Records excerpted from a collection
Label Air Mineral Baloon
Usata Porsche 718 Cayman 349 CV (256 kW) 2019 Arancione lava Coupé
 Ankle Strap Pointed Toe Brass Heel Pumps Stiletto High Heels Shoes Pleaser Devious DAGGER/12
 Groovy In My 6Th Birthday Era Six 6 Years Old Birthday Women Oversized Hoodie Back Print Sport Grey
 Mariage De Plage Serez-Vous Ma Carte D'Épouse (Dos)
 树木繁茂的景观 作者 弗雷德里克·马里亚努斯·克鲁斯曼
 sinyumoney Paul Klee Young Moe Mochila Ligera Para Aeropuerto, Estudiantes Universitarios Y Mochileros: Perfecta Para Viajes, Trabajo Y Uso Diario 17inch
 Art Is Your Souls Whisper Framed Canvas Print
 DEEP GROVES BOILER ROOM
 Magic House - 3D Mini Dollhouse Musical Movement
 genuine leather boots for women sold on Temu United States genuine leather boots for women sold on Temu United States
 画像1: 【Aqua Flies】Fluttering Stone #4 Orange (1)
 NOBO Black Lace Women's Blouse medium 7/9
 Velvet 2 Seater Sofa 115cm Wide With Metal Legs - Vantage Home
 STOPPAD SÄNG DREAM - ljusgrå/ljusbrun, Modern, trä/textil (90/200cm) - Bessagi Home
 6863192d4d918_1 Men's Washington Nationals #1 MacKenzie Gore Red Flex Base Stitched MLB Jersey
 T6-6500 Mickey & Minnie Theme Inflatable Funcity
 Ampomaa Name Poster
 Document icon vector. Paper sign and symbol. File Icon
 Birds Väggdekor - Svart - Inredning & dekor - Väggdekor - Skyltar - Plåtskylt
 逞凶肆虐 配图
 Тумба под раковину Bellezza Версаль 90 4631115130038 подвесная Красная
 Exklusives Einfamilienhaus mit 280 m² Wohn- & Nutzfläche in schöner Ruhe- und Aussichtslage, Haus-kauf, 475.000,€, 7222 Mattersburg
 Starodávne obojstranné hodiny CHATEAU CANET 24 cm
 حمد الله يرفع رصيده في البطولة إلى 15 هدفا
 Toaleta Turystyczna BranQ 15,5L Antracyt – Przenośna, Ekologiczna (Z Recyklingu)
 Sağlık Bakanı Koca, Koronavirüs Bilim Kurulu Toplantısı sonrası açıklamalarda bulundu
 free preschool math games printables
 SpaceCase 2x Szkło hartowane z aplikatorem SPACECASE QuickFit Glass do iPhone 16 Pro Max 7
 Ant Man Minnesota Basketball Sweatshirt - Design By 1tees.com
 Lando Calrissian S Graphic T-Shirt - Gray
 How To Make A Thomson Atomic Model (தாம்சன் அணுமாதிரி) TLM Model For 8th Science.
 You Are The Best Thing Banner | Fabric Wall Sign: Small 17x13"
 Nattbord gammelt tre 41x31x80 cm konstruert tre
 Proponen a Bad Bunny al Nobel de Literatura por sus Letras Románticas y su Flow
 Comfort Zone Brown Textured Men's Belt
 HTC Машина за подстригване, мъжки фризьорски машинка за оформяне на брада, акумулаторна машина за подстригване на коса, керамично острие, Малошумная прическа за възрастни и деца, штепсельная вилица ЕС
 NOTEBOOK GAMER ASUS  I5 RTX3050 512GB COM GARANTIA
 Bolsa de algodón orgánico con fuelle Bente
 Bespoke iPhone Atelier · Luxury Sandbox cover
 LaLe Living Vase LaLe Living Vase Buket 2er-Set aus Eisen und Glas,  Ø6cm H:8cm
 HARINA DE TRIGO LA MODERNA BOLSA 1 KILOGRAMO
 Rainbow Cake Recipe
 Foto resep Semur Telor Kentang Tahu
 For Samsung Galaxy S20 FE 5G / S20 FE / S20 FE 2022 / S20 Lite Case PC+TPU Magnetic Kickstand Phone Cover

■ Activity:
I need each line above reproduced exactly.

■ Finished exercise:
Label Air Mineral Baloon
Usata Porsche 718 Cayman 349 CV (256 kW) 2019 Arancione lava Coupé
 Ankle Strap Pointed Toe Brass Heel Pumps Stiletto High Heels Shoes Pleaser Devious DAGGER/12
 Groovy In My 6Th Birthday Era Six 6 Years Old Birthday Women Oversized Hoodie Back Print Sport Grey
 Mariage De Plage Serez-Vous Ma Carte D'Épouse (Dos)
 树木繁茂的景观 作者 弗雷德里克·马里亚努斯·克鲁斯曼
 sinyumoney Paul Klee Young Moe Mochila Ligera Para Aeropuerto, Estudiantes Universitarios Y Mochileros: Perfecta Para Viajes, Trabajo Y Uso Diario 17inch
 Art Is Your Souls Whisper Framed Canvas Print
 DEEP GROVES BOILER ROOM
 Magic House - 3D Mini Dollhouse Musical Movement
 genuine leather boots for women sold on Temu United States genuine leather boots for women sold on Temu United States
 画像1: 【Aqua Flies】Fluttering Stone #4 Orange (1)
 NOBO Black Lace Women's Blouse medium 7/9
 Velvet 2 Seater Sofa 115cm Wide With Metal Legs - Vantage Home
 STOPPAD SÄNG DREAM - ljusgrå/ljusbrun, Modern, trä/textil (90/200cm) - Bessagi Home
 6863192d4d918_1 Men's Washington Nationals #1 MacKenzie Gore Red Flex Base Stitched MLB Jersey
 T6-6500 Mickey & Minnie Theme Inflatable Funcity
 Ampomaa Name Poster
 Document icon vector. Paper sign and symbol. File Icon
 Birds Väggdekor - Svart - Inredning & dekor - Väggdekor - Skyltar - Plåtskylt
 逞凶肆虐 配图
 Тумба под раковину Bellezza Версаль 90 4631115130038 подвесная Красная
 Exklusives Einfamilienhaus mit 280 m² Wohn- & Nutzfläche in schöner Ruhe- und Aussichtslage, Haus-kauf, 475.000,€, 7222 Mattersburg
 Starodávne obojstranné hodiny CHATEAU CANET 24 cm
 حمد الله يرفع رصيده في البطولة إلى 15 هدفا
 Toaleta Turystyczna BranQ 15,5L Antracyt – Przenośna, Ekologiczna (Z Recyklingu)
 Sağlık Bakanı Koca, Koronavirüs Bilim Kurulu Toplantısı sonrası açıklamalarda bulundu
 free preschool math games printables
 SpaceCase 2x Szkło hartowane z aplikatorem SPACECASE QuickFit Glass do iPhone 16 Pro Max 7
 Ant Man Minnesota Basketball Sweatshirt - Design By 1tees.com
 Lando Calrissian S Graphic T-Shirt - Gray
 How To Make A Thomson Atomic Model (தாம்சன் அணுமாதிரி) TLM Model For 8th Science.
 You Are The Best Thing Banner | Fabric Wall Sign: Small 17x13"
 Nattbord gammelt tre 41x31x80 cm konstruert tre
 Proponen a Bad Bunny al Nobel de Literatura por sus Letras Románticas y su Flow
 Comfort Zone Brown Textured Men's Belt
 HTC Машина за подстригване, мъжки фризьорски машинка за оформяне на брада, акумулаторна машина за подстригване на коса, керамично острие, Малошумная прическа за възрастни и деца, штепсельная вилица ЕС
 NOTEBOOK GAMER ASUS  I5 RTX3050 512GB COM GARANTIA
 Bolsa de algodón orgánico con fuelle Bente
 Bespoke iPhone Atelier · Luxury Sandbox cover
 LaLe Living Vase LaLe Living Vase Buket 2er-Set aus Eisen und Glas,  Ø6cm H:8cm
 HARINA DE TRIGO LA MODERNA BOLSA 1 KILOGRAMO
 Rainbow Cake Recipe
 Foto resep Semur Telor Kentang Tahu
 For Samsung Galaxy S20 FE 5G / S20 FE / S20 FE 2022 / S20 Lite Case PC+TPU Magnetic Kickstand Phone Cover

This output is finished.